[Opening Data provided section]
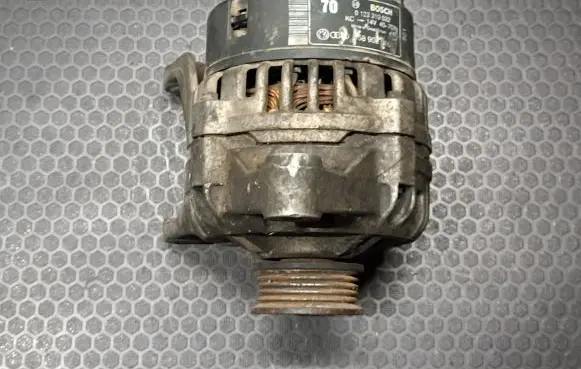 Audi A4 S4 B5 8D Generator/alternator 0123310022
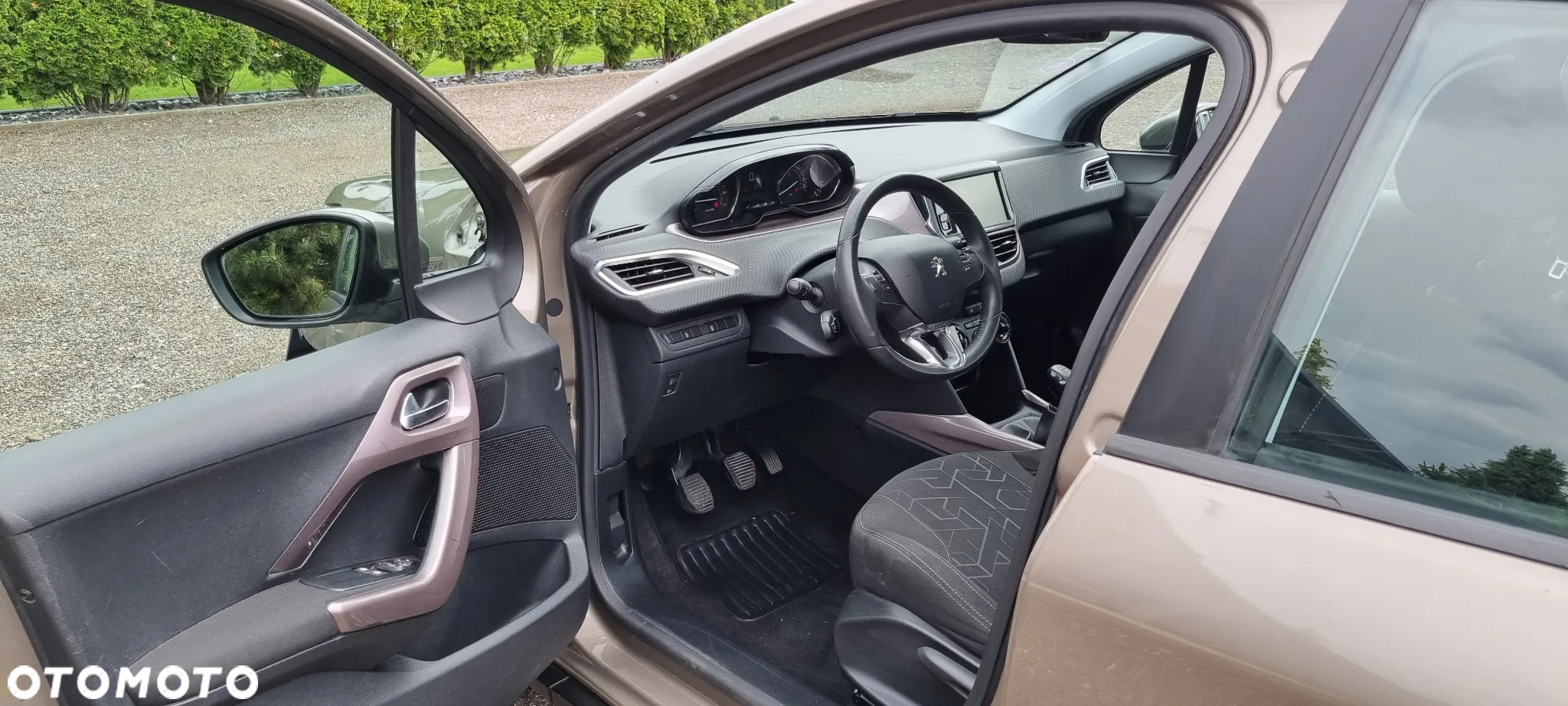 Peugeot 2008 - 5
[Closing Data provided section]
[Opening Data provided section]
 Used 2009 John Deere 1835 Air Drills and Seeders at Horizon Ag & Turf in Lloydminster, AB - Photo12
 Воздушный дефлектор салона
[Closing Data provided section]
[Opening Data provided section]
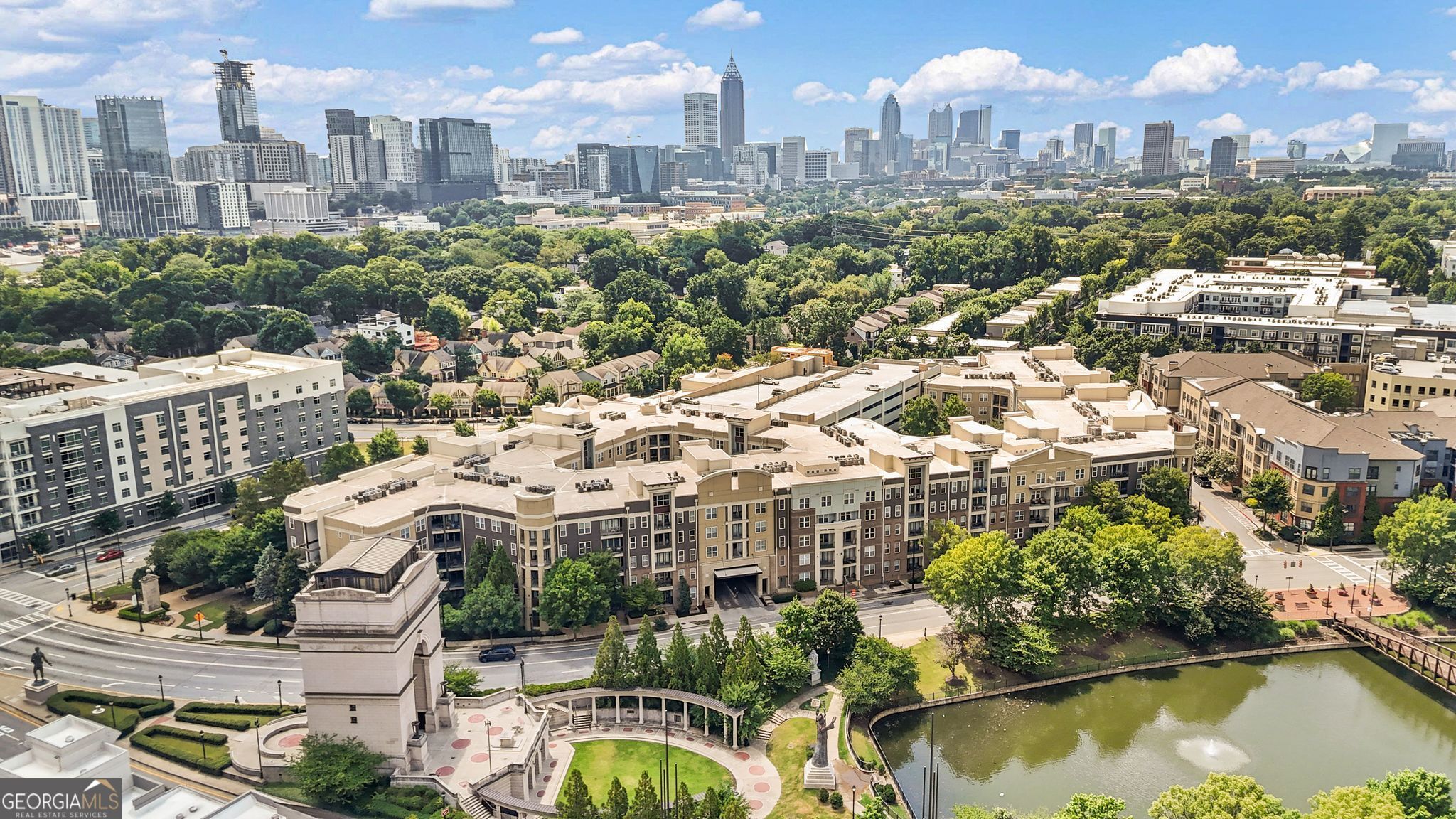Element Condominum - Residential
[Closing Data provided section]
(Instructions to follow)
Will you return exactly the lines above from the one with "Used 2009 John" down to the one with "Воздушный дефлектор салона", counting both as part of the range?

(Finished exercise)
 Used 2009 John Deere 1835 Air Drills and Seeders at Horizon Ag & Turf in Lloydminster, AB - Photo12
 Воздушный дефлектор салона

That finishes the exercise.